ルベン・バラハ
2002年4月27日。
この日、01/02シーズンのリーガ第36節が行なわれました。
試合前の時点で、首位バレンシアの勝点は66、2位レアル・マドリーの勝点は65。
残りは3試合。壮絶な優勝争いを繰り広げていたわけです。
バレンシアはメスタージャにエスパニョールを迎えての一戦。主審はカンタレホ。
フォーメーションはベニテス監督の十八番である4-2-3-1。GKにカニサレス、DFラインは右から出場停止のクーロ・トーレスの代役アングーロ、アジャラ、ジュキッチ、カルボーニ。中盤ドブレピボーテはABコンビ。右にルフェテ、左にビセンテ、中央にアイマール、トップはミスタという布陣です。
試合は早い段階から動きます。前半28分、タムードのクロスがアジャラの上腕に当たり、ハンドの判定。いきなりPKを取られます。これをタムードに決められ0-1。
さらに不運は続き、前半30分。カルボーニがMFデ・ルーカスと競った際に肘が顔に入ってしまい一発退場。
残り60分を1点ビハインド+10人で戦う事になってしまいました。
そして45分経過。なんとか前半を0-1でしのいだバレンシア。この時点での唯一の救いはマドリーがソシエダに0-1で負けていた事です。

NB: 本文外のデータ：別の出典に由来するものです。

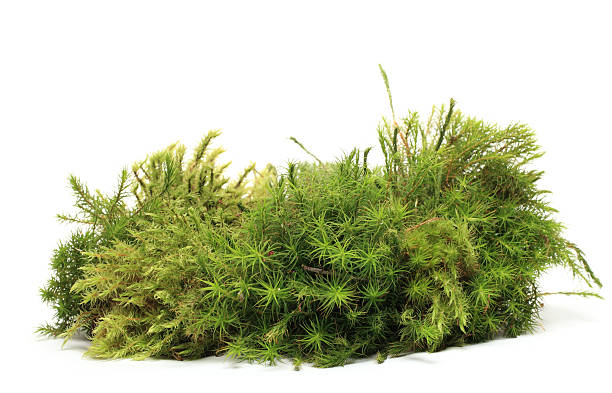 moss - mousse végétale photos et images de collection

とはいえ同時キックオフですし、この先何が起こるかわかりません。
後半に入り、ベニテス監督が動きました。
アングーロout ファビオ・アウレリオin。 ビセンテout キリ・ゴンサレスin。
このシーズン、ビセンテにスタメンの座を奪われ、悔しいシーズンを過ごしていたキリ・ゴンサレスですが、投入直後に仕事をします。
後半22分、ルフェテからのフィードに反応しDFライン裏に抜け出すと、低いセンタリング。ミスタの後ろを通ったボールはバラハの足元へ。
バラハのシュートは貴重な同点段となりました。メスタージャが大歓声に包まれます。
後半31分、ミスタに代えてファン・サンチェスを投入。その2分後、中央をドリブルで駆け上がったアイマールから左サイドへスルーパス。
再びキリ・ゴンサレスが折り返すと、今度はそこへ走りこんできたバラハがダイレクトボレー。
美しいゴールがエスパニョールのゴールに突き刺さりました。10人での大逆転です。
結局バレンシアはこのまま逃げ切り、2-1で勝利。早い時間に先制されたというのもありますが、10人でシュート19本を放ち、勝利への執念を見せました。(エスパニョールは6本)
一方のマドリーはソシエダの前に為すすべなし。立て続けの失点で0-3でこの試合を落とすと、残り2試合も点を取れず、1分1敗。最終的にデポルティボに抜かれて3位に落ちてしまいました。
エスパニョール戦で劇的な勝利を飾ったバレンシアは、その勢いを保ったまま、続くアウェーのマラガ戦に0-2で勝利し優勝を確定。最終節ベティス戦も2-0で勝利し、バレンシアの街は31年ぶりの歓喜に包まれたのです。
このシーズン、バラハはケガで開幕からだいぶ出遅れていました。チームも16試合を終えて8位。総得点は15というなんとも不甲斐ないものでした。
ベニテス監督の進退問題もたびたび出ていたと思います。しかし、バラハが復帰した17節以降、ぐんぐん順位を上げ、26節には首位に躍り出ました。まさにバラハマジックです。
その後30節に首位の座を奪われるものの、34節に再度奪首。そして冒頭の36節へと話が戻ります。
バラハはこのシーズン、17試合の出場で7ゴール。ピボーテでありながら2試合に1点のペースでゴールを量産し、半年休んでいたにも関わらずチーム得点王になったのでした。
──というわけで。
ここ数年、特に昨年は以前のようなダイナミクスが無くなった事で限界説を唱えられたり、クーマン側についた事でチーム内でギクシャクしたり(自分も失望しそうになりました)とあまり内外で良い話の無かったバラハですが、02/03のCLインテル戦での決勝点(1stレグ)、03/04の優勝を決めたセビージャ戦のダメ押し点、04スーペルコパ:ポルト戦での先制点と、ここぞという時に点を獲ってくれるのがバラハなんだよなぁ~と、その都度思い出したものです。
昨季の国王杯、自分の目の前でバルサ相手にゴラッソを叩き込んでくれたバラハ。
今季の国王杯でセビージャ相手に同点弾を決めたのもバラハでしたね。
以前のようなプレーは出来ないかもしれないけど、やっぱりこの人にはバレンシアで引退して欲しいな、と思わずに居られないのでした。
でも、試合中はもうちょっと走ってね。